> _WORK REQUIRED_: Find the line below with "Fashionable Thick Fringed Large Plaid Scarf" and the line with "PTHTECHUS 4G Montre". Output exactly those lines and everything between them, leaving out the pictures.

> _SUPPLIED RECORDS_:
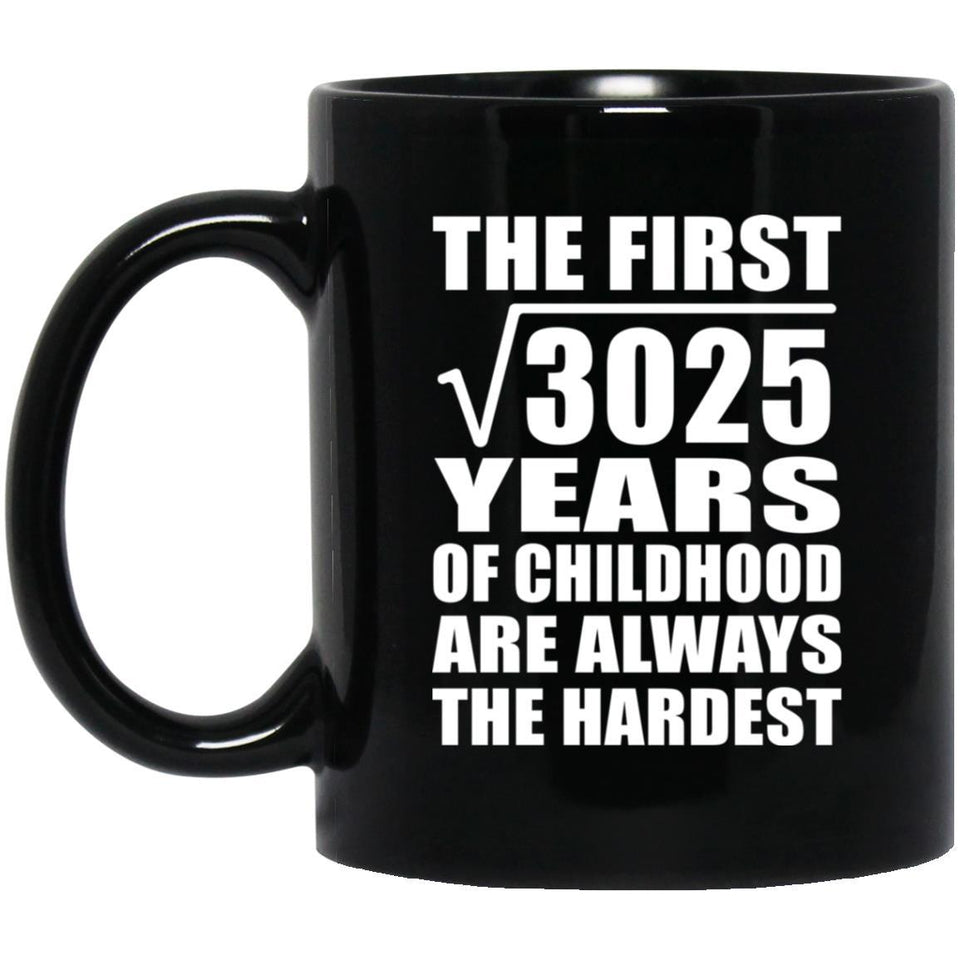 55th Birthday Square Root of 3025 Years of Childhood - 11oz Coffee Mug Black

---

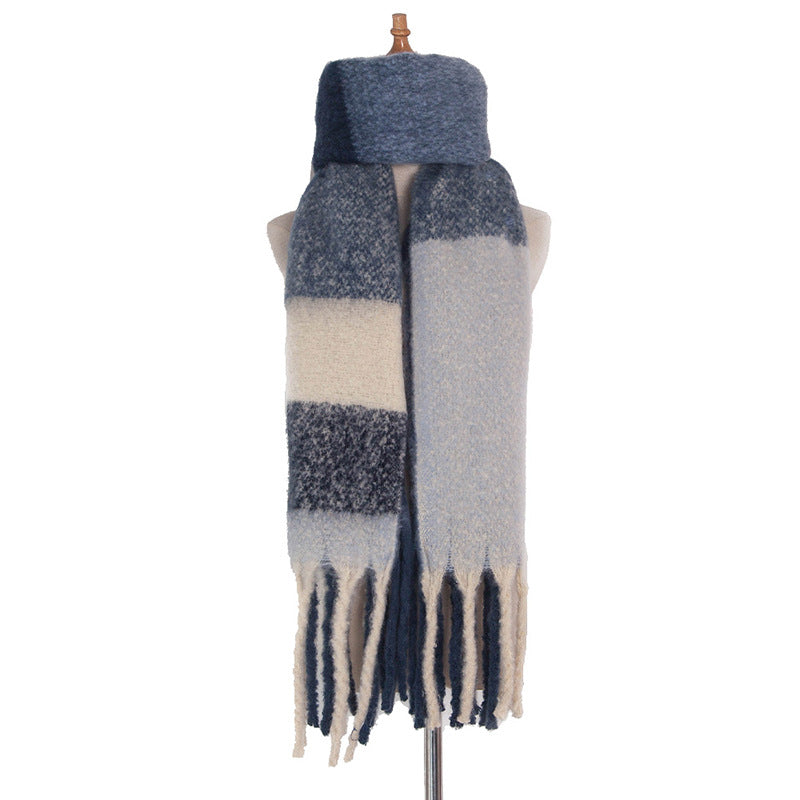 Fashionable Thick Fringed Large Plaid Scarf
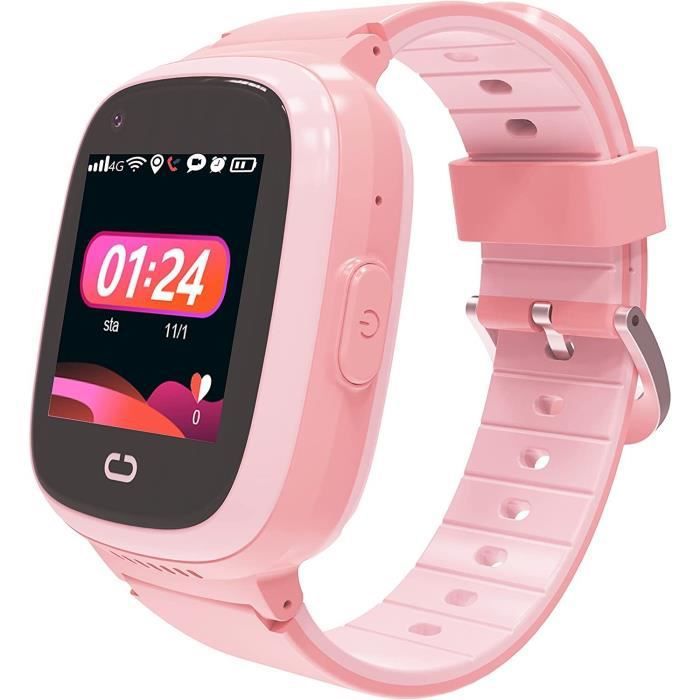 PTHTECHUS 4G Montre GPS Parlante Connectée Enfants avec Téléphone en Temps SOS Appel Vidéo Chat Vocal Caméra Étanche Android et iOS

> _ANSWER SPACE_:
 Fashionable Thick Fringed Large Plaid Scarf
 PTHTECHUS 4G Montre GPS Parlante Connectée Enfants avec Téléphone en Temps SOS Appel Vidéo Chat Vocal Caméra Étanche Android et iOS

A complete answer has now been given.